▶ **Aim of the task**
Print all entries below exactly, without images.

▶ **Materials provided**

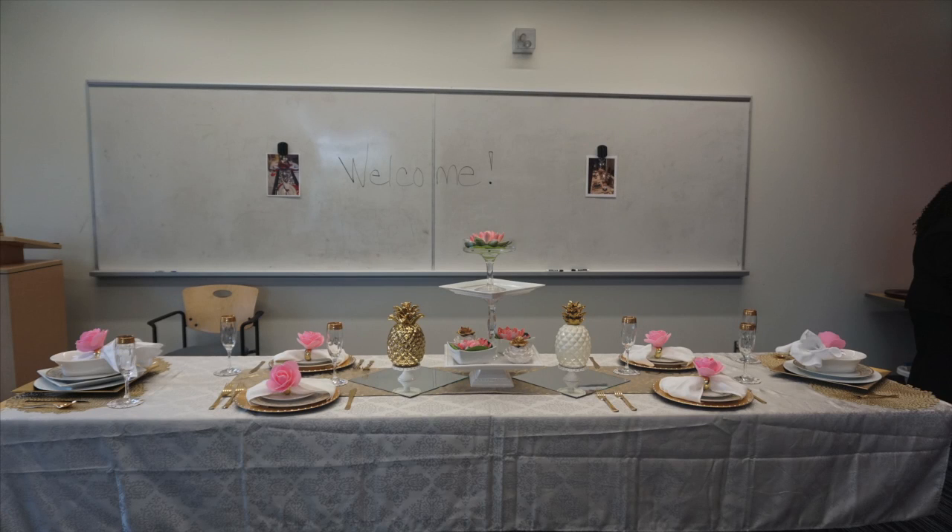Hi everyone, Petalus Bless here. I'm coming on today with a table decorating workshop that I went to, hosted by the glamorous Penny Pinscher. I hope you guys enjoy and listen and learn a little bit like I did.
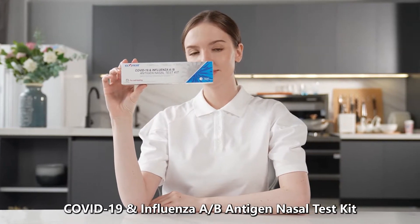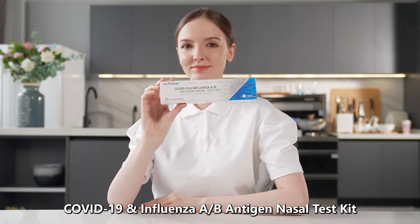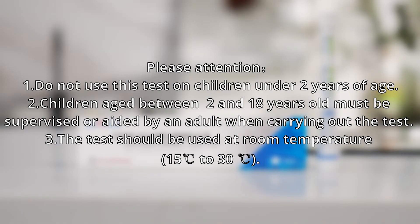COVID-19 and Influenza A-B Antigen Nasal Test Kit. Please pay attention. 1. Do not use this test on children under two years of age. 2. Children aged between 2 and 18 years old must be supervised or aided by an adult when carrying out the test. 3. The test should be used at room temperature, 15 degrees Celsius to 30 degrees Celsius.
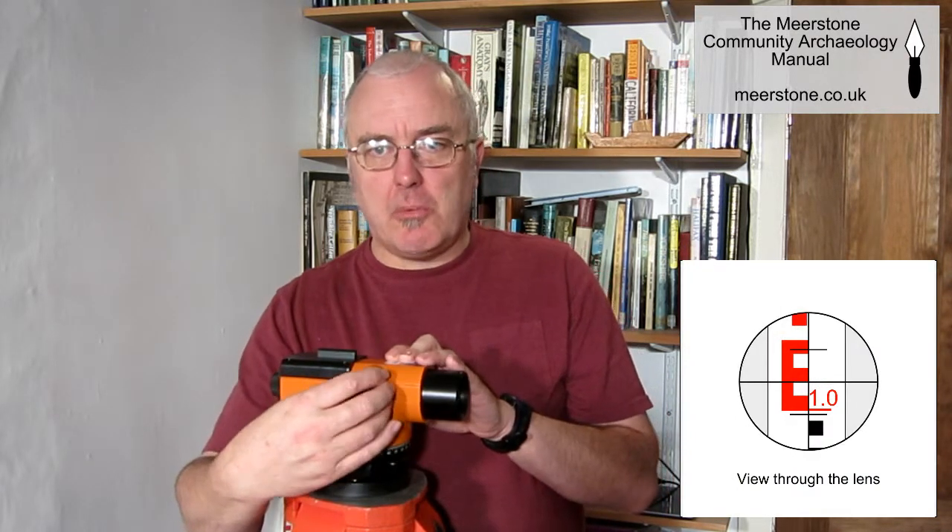The eyepiece can be adjusted to improve the visibility of the crosshairs or graticule, and focus is controlled either by a knob on the side or by an additional ring on the eyepiece.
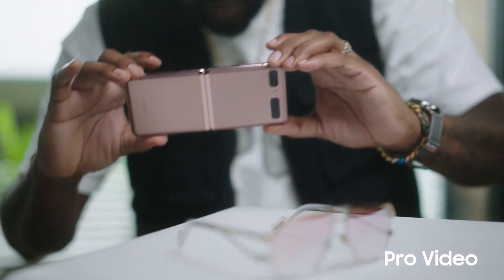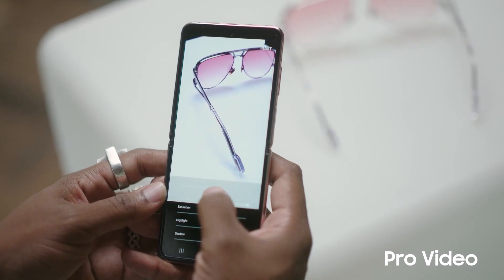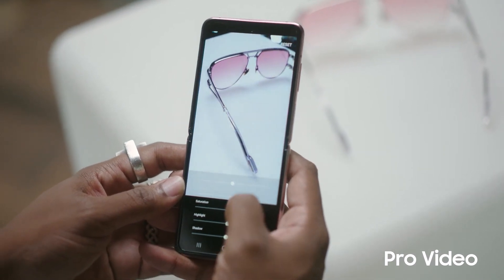Hey, I'm Lance Fresh and let me show you how I get professional level video using the Pro Video feature on my Galaxy Z Flip 5G. I like to have control over all aspects of my media when I'm shooting — it's like adding that personal Lance Fresh signature to everything. How do I do that, you may ask? Simple. I'll show you.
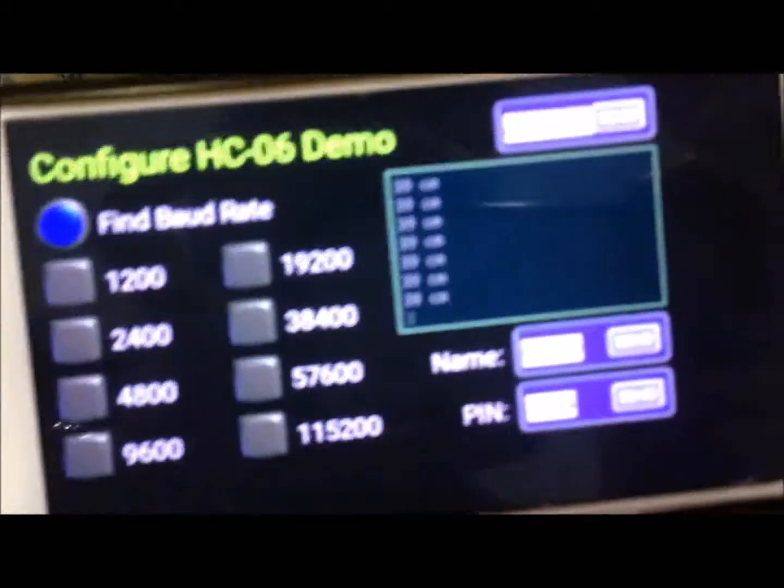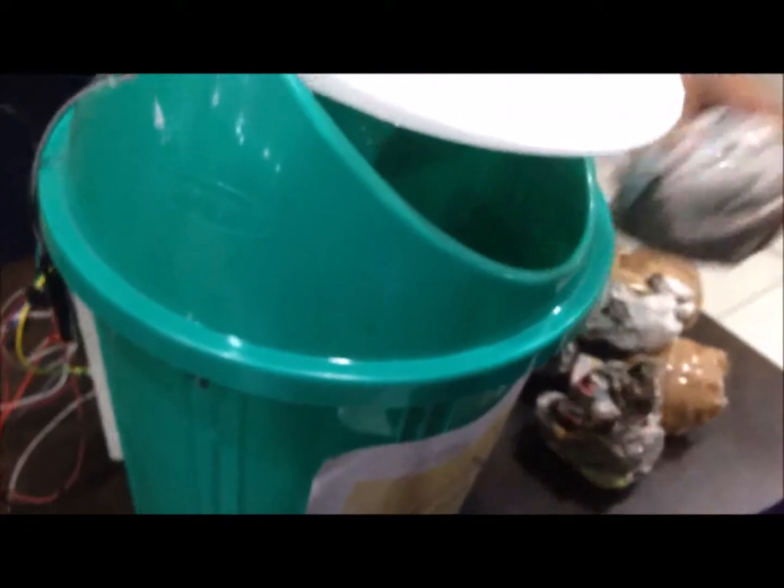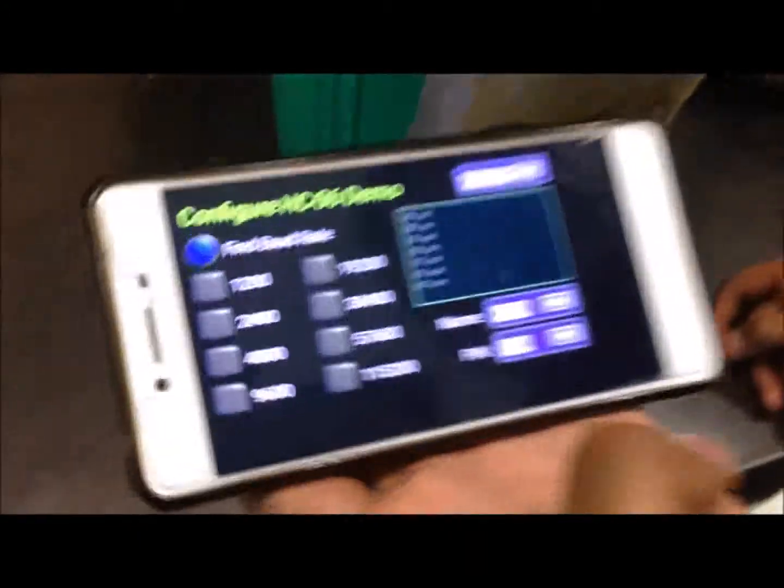As you can see, the total height of the dustbin is 39 centimeters. When we put garbage in, the height of the dustbin starts decreasing, as you can see.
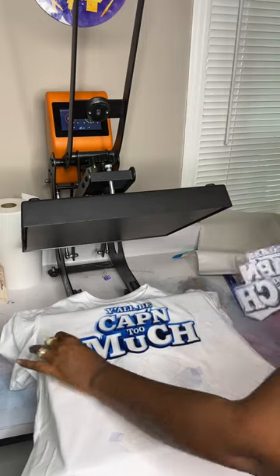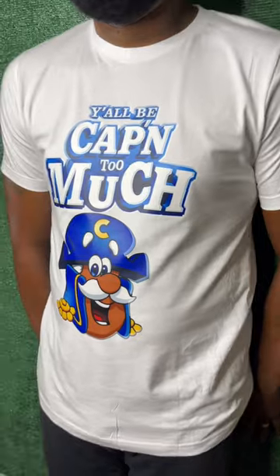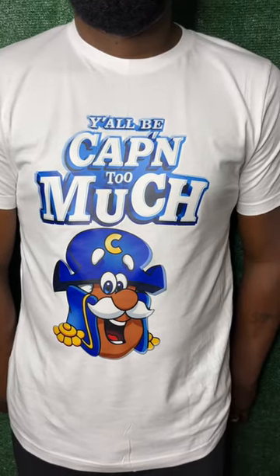If you need help with sublimation, go ahead and sign up for my waitlist where I'll be doing one-on-one classes. Or you can go ahead and watch the full tutorial on my YouTube, Jay Stewart's Laboratory. And of course, the vinyl and everything else is from Heat Transfer Warehouse.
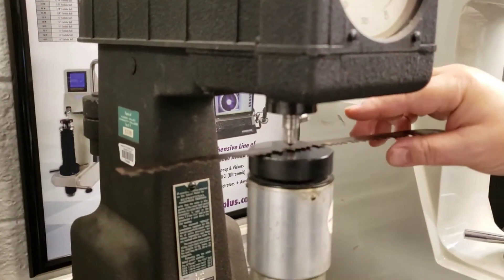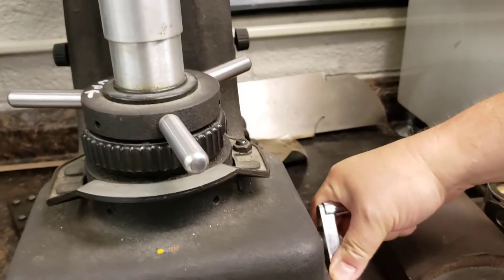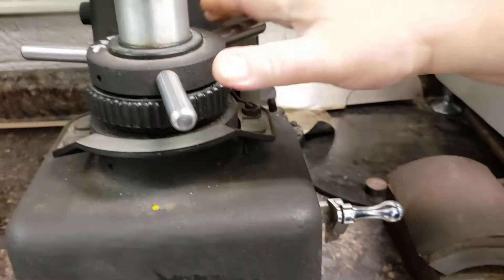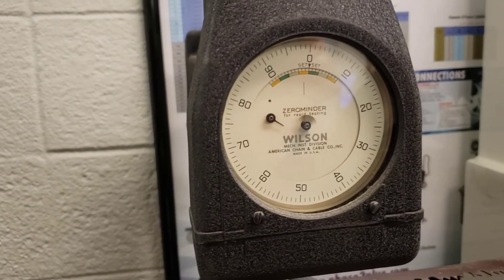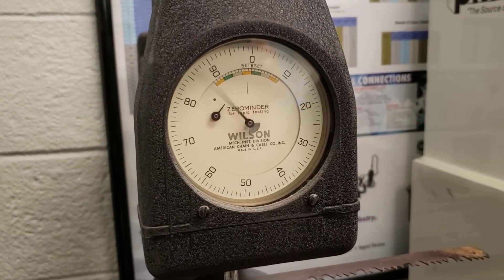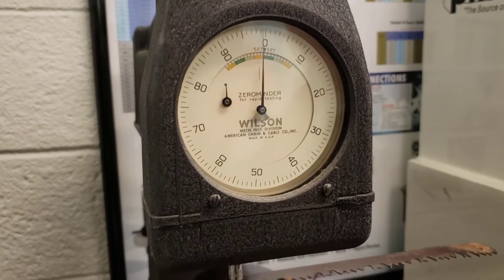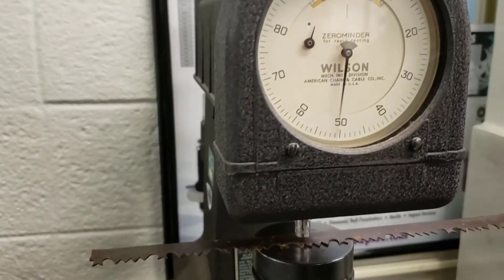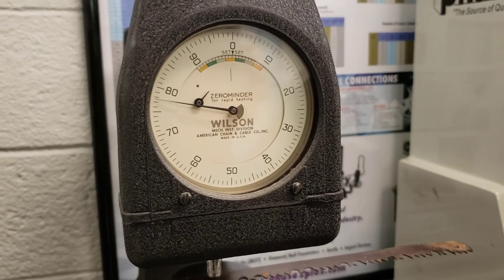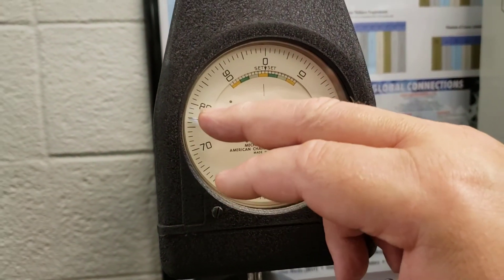We'll put the blade in. Remember how we do these — set the trigger for the preload, set the little arrow into the dot. Adjust the large dial to zero using the dial. It's all zeroed out. Hit the bar, and we have the full load on. This is N-45, and we can see we are N-45-78.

▶ **Answer space**
Hi everyone, Petalus Bless here. I'm coming on today with a table decorating workshop that I went to, hosted by the glamorous Penny Pinscher. I hope you guys enjoy and listen and learn a little bit like I did.
COVID-19 and Influenza A-B Antigen Nasal Test Kit. Please pay attention. 1. Do not use this test on children under two years of age. 2. Children aged between 2 and 18 years old must be supervised or aided by an adult when carrying out the test. 3. The test should be used at room temperature, 15 degrees Celsius to 30 degrees Celsius.
The eyepiece can be adjusted to improve the visibility of the crosshairs or graticule, and focus is controlled either by a knob on the side or by an additional ring on the eyepiece.
Hey, I'm Lance Fresh and let me show you how I get professional level video using the Pro Video feature on my Galaxy Z Flip 5G. I like to have control over all aspects of my media when I'm shooting — it's like adding that personal Lance Fresh signature to everything. How do I do that, you may ask? Simple. I'll show you.
As you can see, the total height of the dustbin is 39 centimeters. When we put garbage in, the height of the dustbin starts decreasing, as you can see.
If you need help with sublimation, go ahead and sign up for my waitlist where I'll be doing one-on-one classes. Or you can go ahead and watch the full tutorial on my YouTube, Jay Stewart's Laboratory. And of course, the vinyl and everything else is from Heat Transfer Warehouse.
We'll put the blade in. Remember how we do these — set the trigger for the preload, set the little arrow into the dot. Adjust the large dial to zero using the dial. It's all zeroed out. Hit the bar, and we have the full load on. This is N-45, and we can see we are N-45-78.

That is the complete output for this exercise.